Ziggy Stardust wrote:Wait ...did you misquote this? Because this is in direct contradiction to the rest of the excerpt, where he is saying that it is physically impossible for the ship to AVOID brushing her starboard side along that object.
What he's saying is that the ship won't
brush along the berg - she'll smash into it and rip the entire starboard side open. The emphasis is on the nature of the contact, not the fact of it.
If the object is immoveable. Is there any evidence that the iceberg is immoveable? Wouldn't the gigantic energy of the collision also force the iceberg to move?
I assume he's treating the berg as relatively static due to the enormous drag of the underwater component.
Is it really possible to so reliably estimate the underwater dimensions of an iceberg? My impression is that it is highly variable. Between melting, chunks breaking off, and the iceberg "turning over," the dimensions over time are going to be highly dynamic. Hell, even more than the dimensions, we have the shape.
While the absolute dimensions will be variable, the relative dimensions will be pretty static - about 90 per cent of the berg will be below the water, which agrees pretty well with the numbers Collins states.
If the side of the Titanic hit a jagged outcrop that also broke off with the initial collision, and the force caused both the ship and the berg to shift, then I can easily see how it avoided any significant damage to the rest of its length.

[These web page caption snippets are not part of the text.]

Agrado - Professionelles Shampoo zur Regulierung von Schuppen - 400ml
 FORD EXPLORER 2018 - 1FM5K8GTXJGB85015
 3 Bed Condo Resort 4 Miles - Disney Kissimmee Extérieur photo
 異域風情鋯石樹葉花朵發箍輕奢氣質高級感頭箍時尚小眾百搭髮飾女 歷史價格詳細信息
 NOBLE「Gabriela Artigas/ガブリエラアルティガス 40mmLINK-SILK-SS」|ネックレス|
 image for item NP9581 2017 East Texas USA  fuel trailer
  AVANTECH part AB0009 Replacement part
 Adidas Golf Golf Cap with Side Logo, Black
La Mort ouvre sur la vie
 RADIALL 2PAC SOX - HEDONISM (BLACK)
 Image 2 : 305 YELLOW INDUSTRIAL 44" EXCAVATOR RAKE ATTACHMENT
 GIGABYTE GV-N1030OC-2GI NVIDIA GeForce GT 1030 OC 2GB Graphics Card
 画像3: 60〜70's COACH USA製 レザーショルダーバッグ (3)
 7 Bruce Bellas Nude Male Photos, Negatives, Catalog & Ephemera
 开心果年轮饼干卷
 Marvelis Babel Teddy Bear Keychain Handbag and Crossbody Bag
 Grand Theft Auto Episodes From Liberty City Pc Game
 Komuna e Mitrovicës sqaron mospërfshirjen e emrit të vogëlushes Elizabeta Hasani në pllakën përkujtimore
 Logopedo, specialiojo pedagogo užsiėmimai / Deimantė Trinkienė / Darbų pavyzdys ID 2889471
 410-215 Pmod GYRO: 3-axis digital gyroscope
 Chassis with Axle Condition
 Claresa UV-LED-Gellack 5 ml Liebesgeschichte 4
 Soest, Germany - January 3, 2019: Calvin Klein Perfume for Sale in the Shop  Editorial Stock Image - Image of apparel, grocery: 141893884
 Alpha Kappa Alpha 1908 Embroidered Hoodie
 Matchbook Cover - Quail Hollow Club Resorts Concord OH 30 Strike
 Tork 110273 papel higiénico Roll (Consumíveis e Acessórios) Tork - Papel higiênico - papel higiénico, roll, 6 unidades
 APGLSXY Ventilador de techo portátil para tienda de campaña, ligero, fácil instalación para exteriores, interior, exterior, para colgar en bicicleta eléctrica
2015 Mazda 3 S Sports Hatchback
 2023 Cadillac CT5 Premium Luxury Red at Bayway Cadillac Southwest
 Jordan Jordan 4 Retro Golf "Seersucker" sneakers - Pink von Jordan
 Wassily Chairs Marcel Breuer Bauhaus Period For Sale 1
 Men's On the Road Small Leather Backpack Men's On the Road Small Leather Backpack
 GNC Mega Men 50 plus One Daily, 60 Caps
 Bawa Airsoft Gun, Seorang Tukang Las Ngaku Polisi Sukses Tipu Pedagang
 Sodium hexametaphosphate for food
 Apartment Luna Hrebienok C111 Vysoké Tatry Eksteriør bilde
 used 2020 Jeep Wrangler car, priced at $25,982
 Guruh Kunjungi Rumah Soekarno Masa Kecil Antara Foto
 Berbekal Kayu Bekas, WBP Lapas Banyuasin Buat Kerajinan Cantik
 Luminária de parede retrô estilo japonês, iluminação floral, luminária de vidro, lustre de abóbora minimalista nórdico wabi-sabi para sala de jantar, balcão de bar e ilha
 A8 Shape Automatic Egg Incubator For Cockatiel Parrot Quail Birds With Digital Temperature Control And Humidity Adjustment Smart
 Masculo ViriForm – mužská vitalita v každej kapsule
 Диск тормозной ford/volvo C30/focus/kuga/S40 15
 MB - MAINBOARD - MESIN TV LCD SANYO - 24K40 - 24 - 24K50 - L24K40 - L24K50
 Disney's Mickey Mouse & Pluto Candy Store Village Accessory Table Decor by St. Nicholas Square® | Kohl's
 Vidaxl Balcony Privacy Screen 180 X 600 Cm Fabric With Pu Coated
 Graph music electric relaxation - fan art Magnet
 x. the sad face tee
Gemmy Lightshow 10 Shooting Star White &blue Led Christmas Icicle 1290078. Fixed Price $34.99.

Agreed, and that's what caused me to change my mind - a combination of the movement of the Titanic's bow away from the berg due to the impact, minor (and probably inconsequential) movement of the berg itself, loss of seaway due to the turn and the impact, and the minor nature of the original impact. I still don't see any way the ship could have avoided striking the berg along her starboard side, but I can see the initial impact taking enough of the sting that those subsequent impacts didn't pierce the hull (or, if they did, only went through the outer layer of the double bottom).